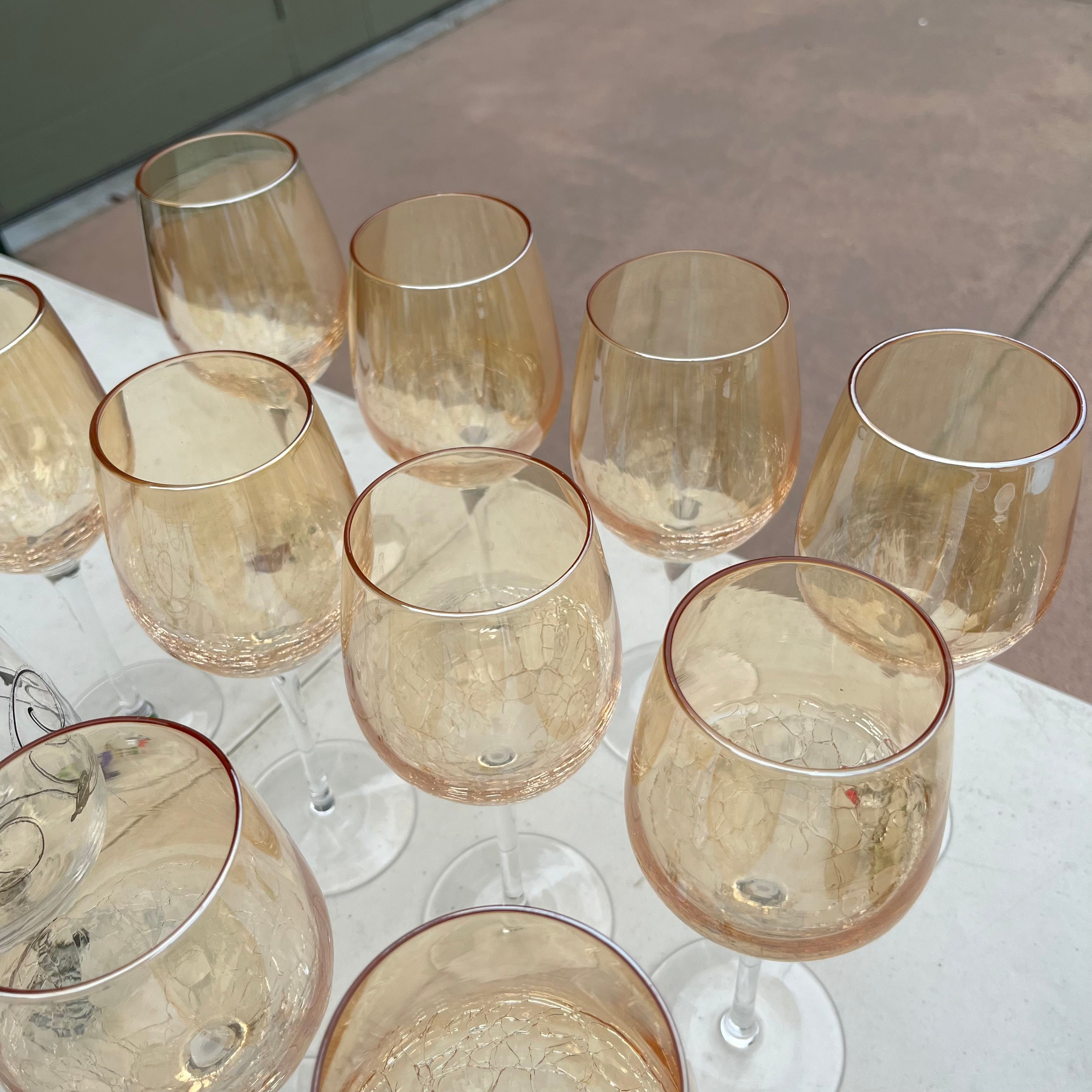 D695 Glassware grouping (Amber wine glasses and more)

...

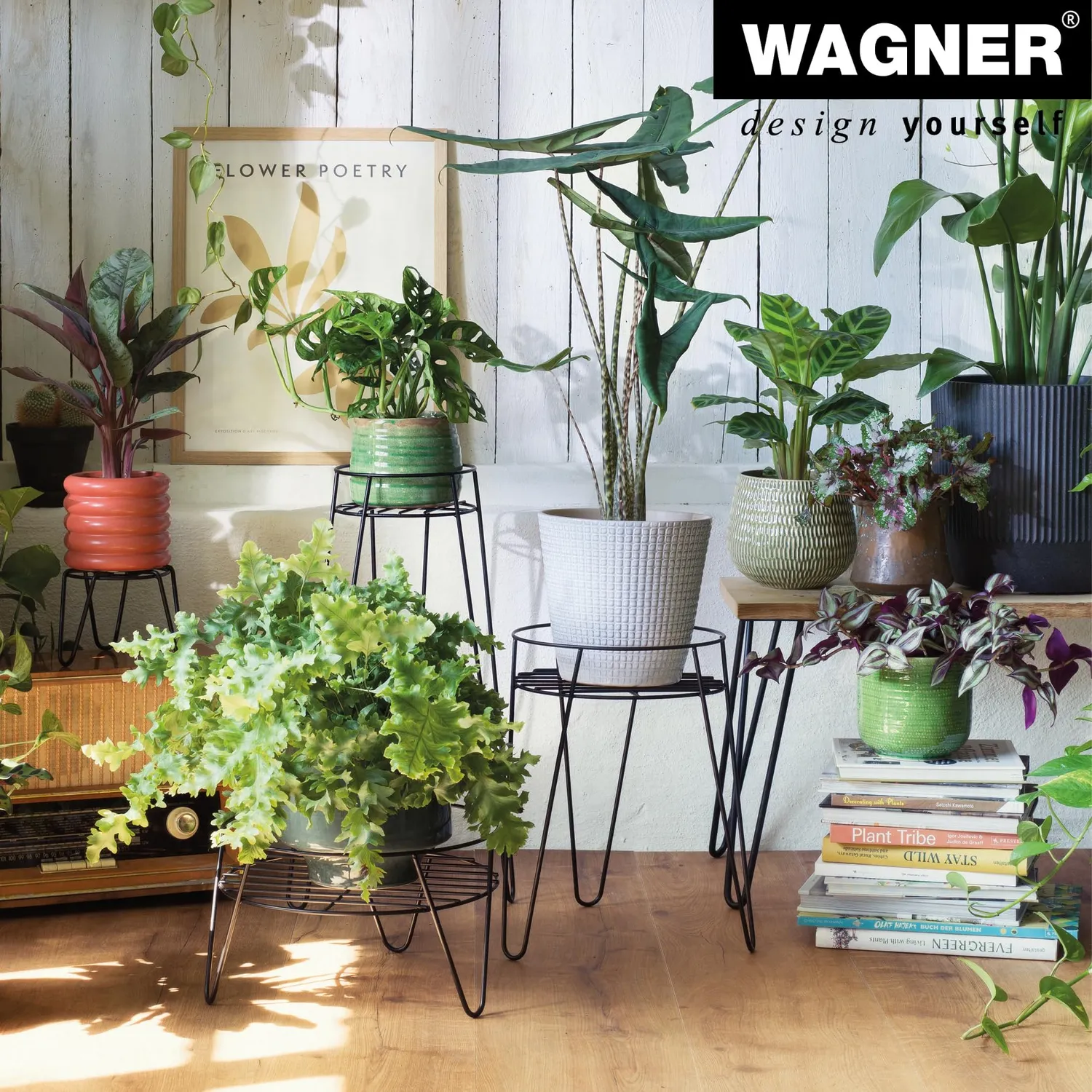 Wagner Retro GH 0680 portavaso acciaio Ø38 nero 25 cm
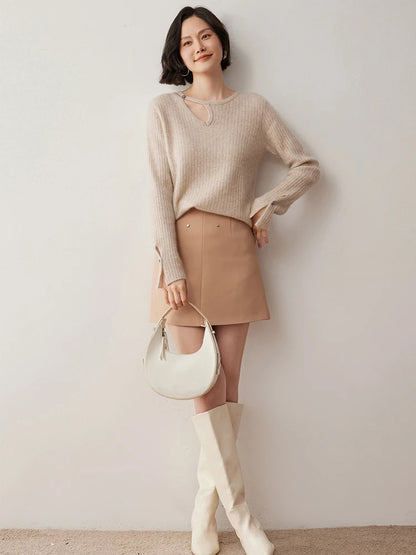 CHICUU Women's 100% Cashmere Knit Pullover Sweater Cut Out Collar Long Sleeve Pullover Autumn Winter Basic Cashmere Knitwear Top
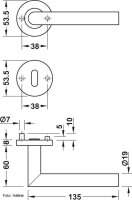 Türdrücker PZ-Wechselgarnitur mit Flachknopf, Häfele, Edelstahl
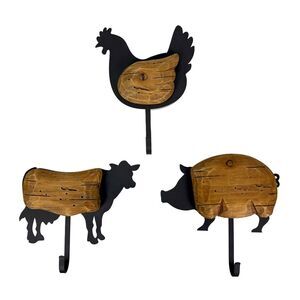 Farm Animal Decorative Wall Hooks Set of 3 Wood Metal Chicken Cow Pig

* * *

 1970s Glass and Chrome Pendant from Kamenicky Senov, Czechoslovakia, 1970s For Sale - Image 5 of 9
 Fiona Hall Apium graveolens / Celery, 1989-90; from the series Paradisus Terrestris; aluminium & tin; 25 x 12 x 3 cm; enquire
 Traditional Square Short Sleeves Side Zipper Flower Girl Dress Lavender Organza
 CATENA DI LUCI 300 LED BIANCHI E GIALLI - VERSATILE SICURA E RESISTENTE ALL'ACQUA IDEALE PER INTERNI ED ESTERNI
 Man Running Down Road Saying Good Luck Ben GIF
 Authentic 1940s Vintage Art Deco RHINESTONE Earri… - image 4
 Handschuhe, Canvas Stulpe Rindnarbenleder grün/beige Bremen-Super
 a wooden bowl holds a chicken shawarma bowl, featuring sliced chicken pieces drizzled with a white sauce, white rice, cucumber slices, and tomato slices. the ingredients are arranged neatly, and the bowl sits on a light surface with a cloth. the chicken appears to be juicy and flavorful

_PROBLEM_: Work out how many lines of the data above contain the string "from" and give the number alone.

_ANSWER SPACE_: 2